Home renal monitoring for cancer patients: technical assessment and patient acceptability
Year: 2018
Session type: Poster / e-Poster / Silent Theatre session
Abstract
Background
Recruitment to cancer clinical trials is challenging and usually limited to patients with preserved kidney function. Restrictions that allow those with an eGFR >50ml/min is arbitrary and not a risk-based approach driven by current clinical science. Due to increased survival rates for both conditions, there is now a significant population who have both cancer and chronic kidney disease. The aim of this research was to assess whether new technological advances in point of care (POC) creatinine meters and digital science could be used to give these people access to oncology clinical trials through personalised risk-based monitoring. We created an approach that explored the potential and acceptability of using a POC device, data capture via a smartphone, and risk-categorisation through an Acute Kidney Injury (AKI) algorithm, to enable decision-making and the first step in addressing this unmet clinical need.
Method
Three POC devices were evaluated for usability, size and complexity. A smart phone app was developed, which captures device data and sends securely to a Cloud environment. Creatinine testing, calibration and patient acceptability in the hospital was conducted over a 2 week period with 17 interactions (patient/carer/nurse) and including two patient focus groups.
Results
The Nova Biomedical Creatinine StatSensor® was the preferred device chosen to enable home creatinine readings with good user feedback and stable performance characteristics.
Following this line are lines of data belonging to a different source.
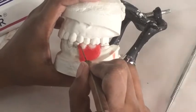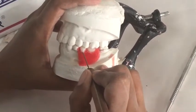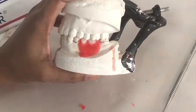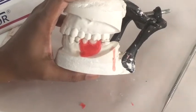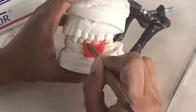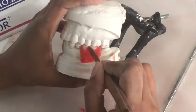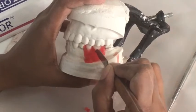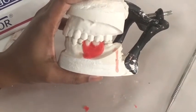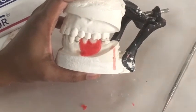Now you may remove the excess wax present on your model and give final touches to your wax-up. Make sure that there is no wax on the cervical third of your artificial teeth — try to give it as natural an appearance as possible.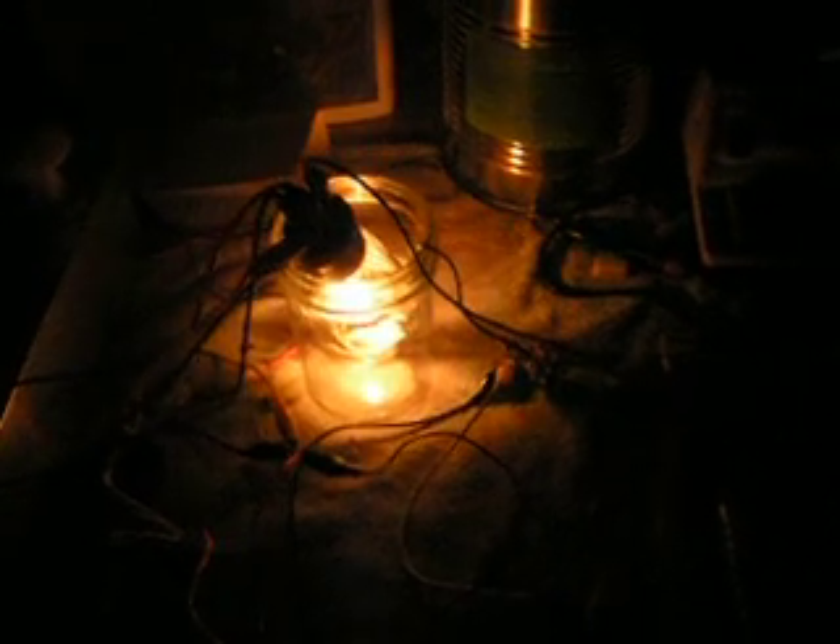Here's my Tesla coil. It's switched by a vacuum tube — that's what's glowing in the view of the camera. To the right is the secondary coil. The light's not very good in here, but that's so that you can see the lights when I switch it on.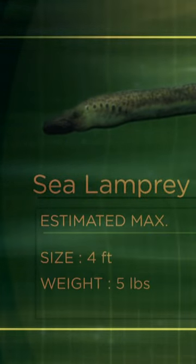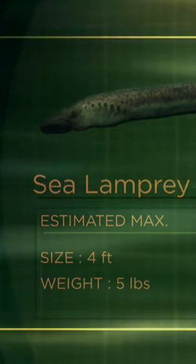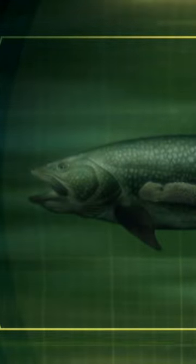Sea lampreys are survivors from the depths of time. Like aquatic vampires, the adults are blood parasites that attach to other fish to feed when in the ocean, but they head into freshwater to spawn.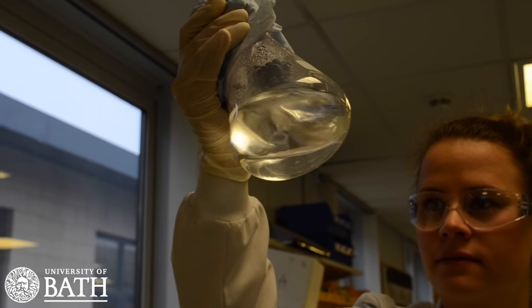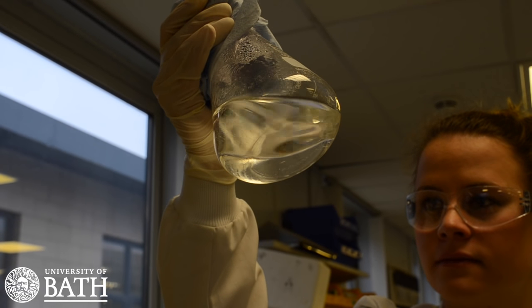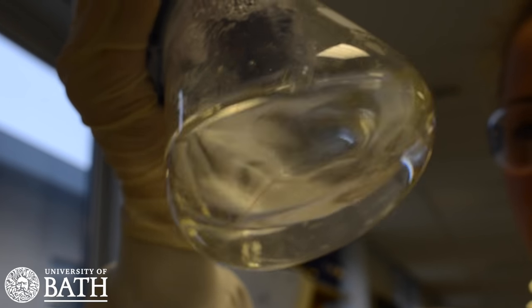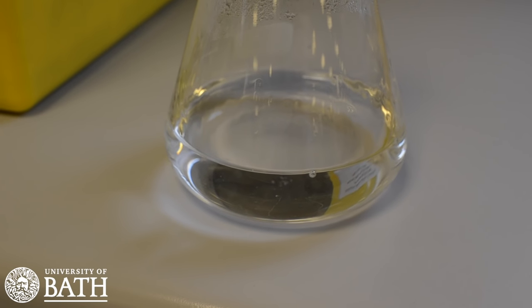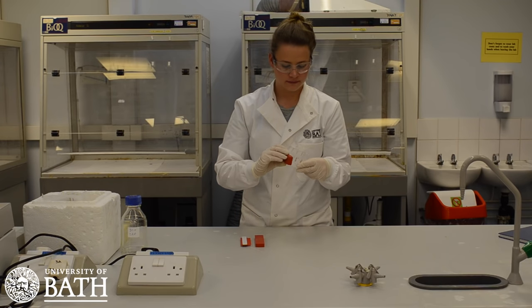When the agarose mixture seems to be transparent, it may be useful to hold the mixture up to a light to double check this. The mixture needs to be fully transparent before moving on to the next stage. When this is complete, you will need to create the agarose gel casting tray.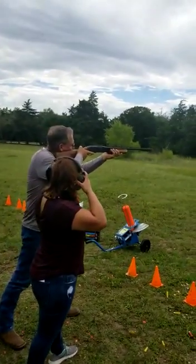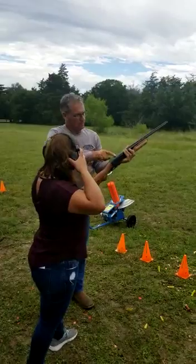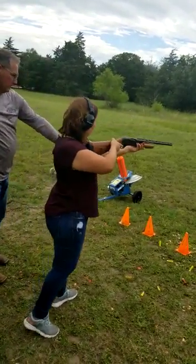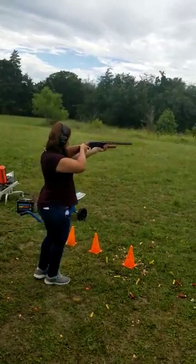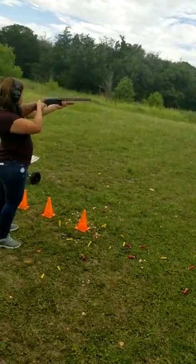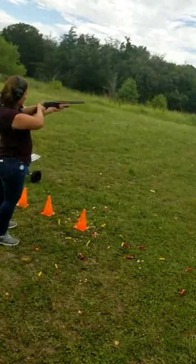Like this here — look down the top of the barrel. If you want to get used to it, just take your time. You can step up to the cone there. Just want to practice a little bit, looking down there first. Right there, right there.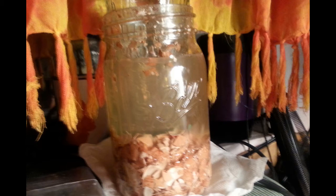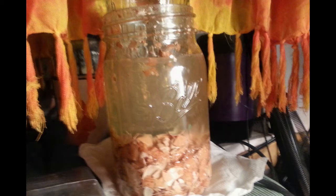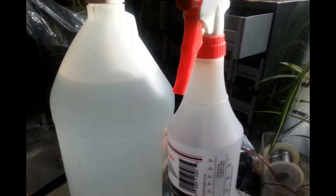I let it sit for one to two weeks, then decant it and label it. When you're ready to use the foliar spray, take 3.5 milliliters per gallon of good water — preferably rain water or filtered water — then use a spray bottle and spray it on the foliage. It does get absorbed by the plants through the leaves.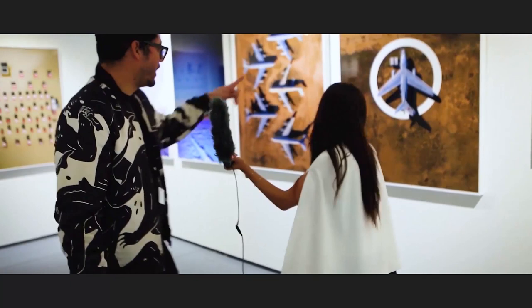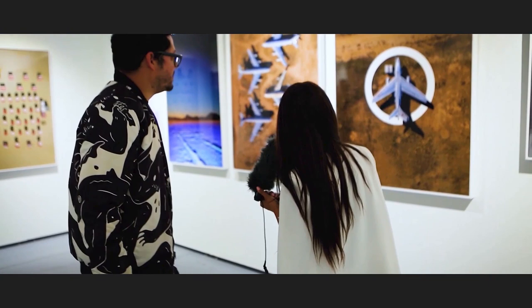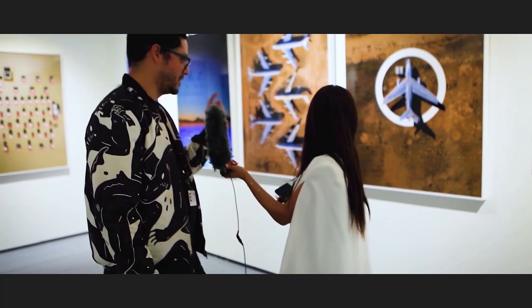For example, this one is called 'War and Peace.' It's a juxtaposition — you see how it's an element that is built to create peace, but it creates fear at the same time. So it's a contradiction, a juxtaposition of two things simultaneously.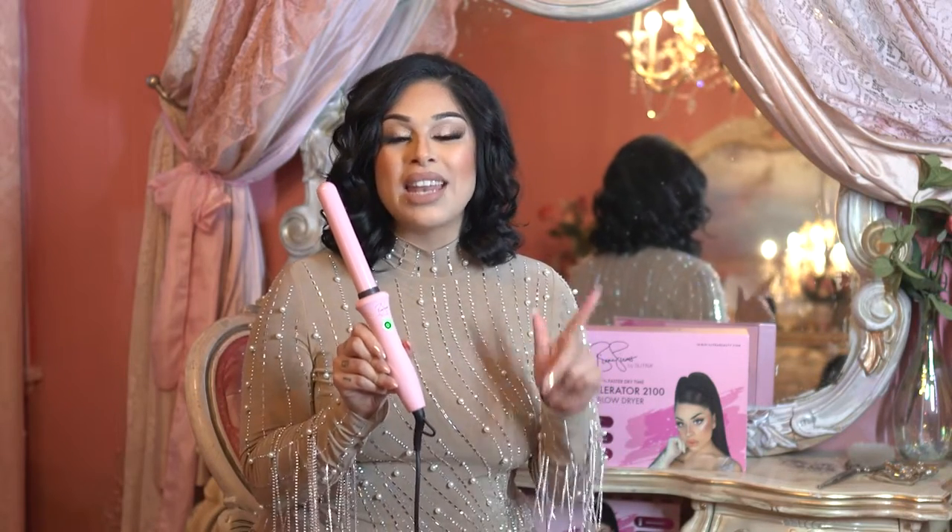All right you guys, if you want to pick up my Bombshell Curling Wand, it is available on sutrabeauty.com now. Thanks for watching.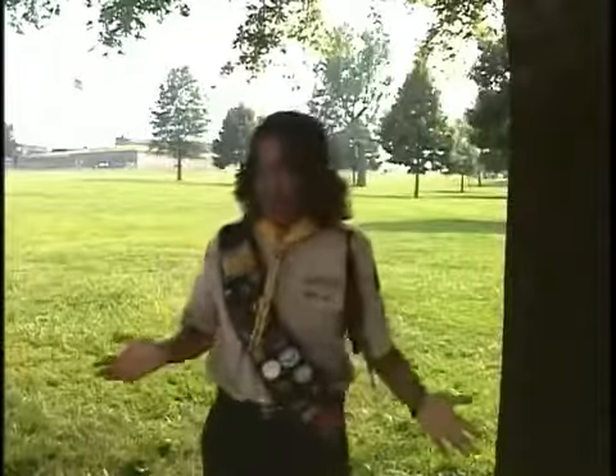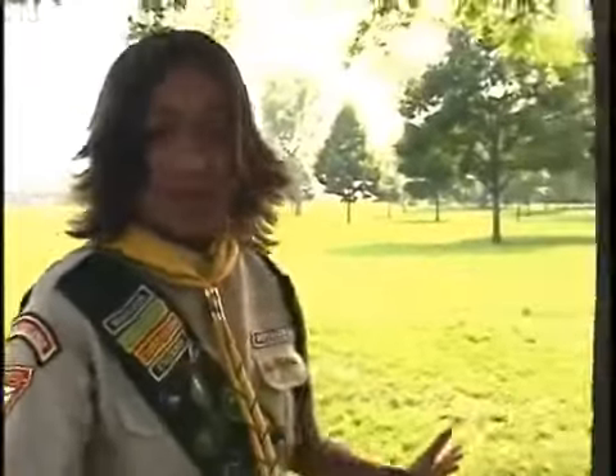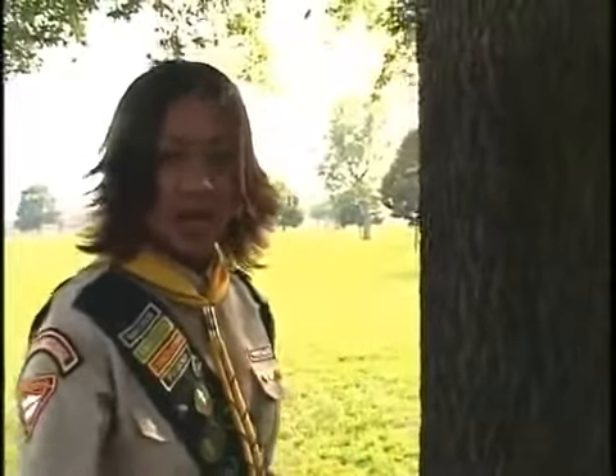Oh, ouch! Has this ever happened to you — trees popping up out of nowhere? An important issue that drill instructors tend to forget is distance. Every now and then you'll be marching, and a tree, a wall, maybe anything will pop up and you can't run into it. So the best thing to do is call a mark time march.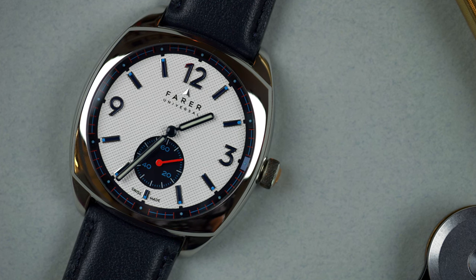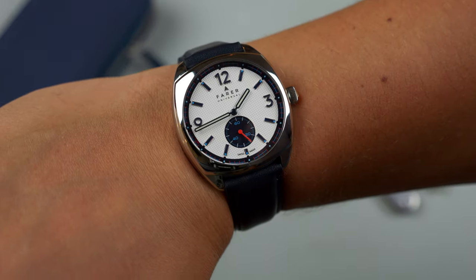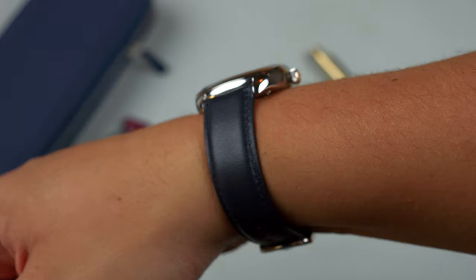The case is the biggest departure from the first one, and in my opinion this balances out with the dial much more harmoniously than the first one did. This case has more body than the first one — the first one was a cushion case but the lugs were kind of thin and short. With this, the lugs are thicker and the case has a broader feel overall. It's still not large though — it's 38 millimeters. The first one was 37, so it's a little bit bigger. It's about 43 millimeters lug-to-lug, so it wears really well. I have a seven-and-a-half inch wrist and found it to be really comfortable — definitely a watch you could wear day in and day out. It's pretty versatile.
The smartphone app user interface design was acceptable with patients based on patient acceptability testing- producing near-real time creatinine readings which could be reviewed by the medical team.
Conclusion
This proof of concept demonstrated that creatinine can be measured by a POC device, the data captured by an app and reported in near-real time. Further work is now being conducted to develop a clinical rules engine based on the NHS/NICE published algorithm for AKI; and apply this in clinical trials to alert investigators to impending AKI.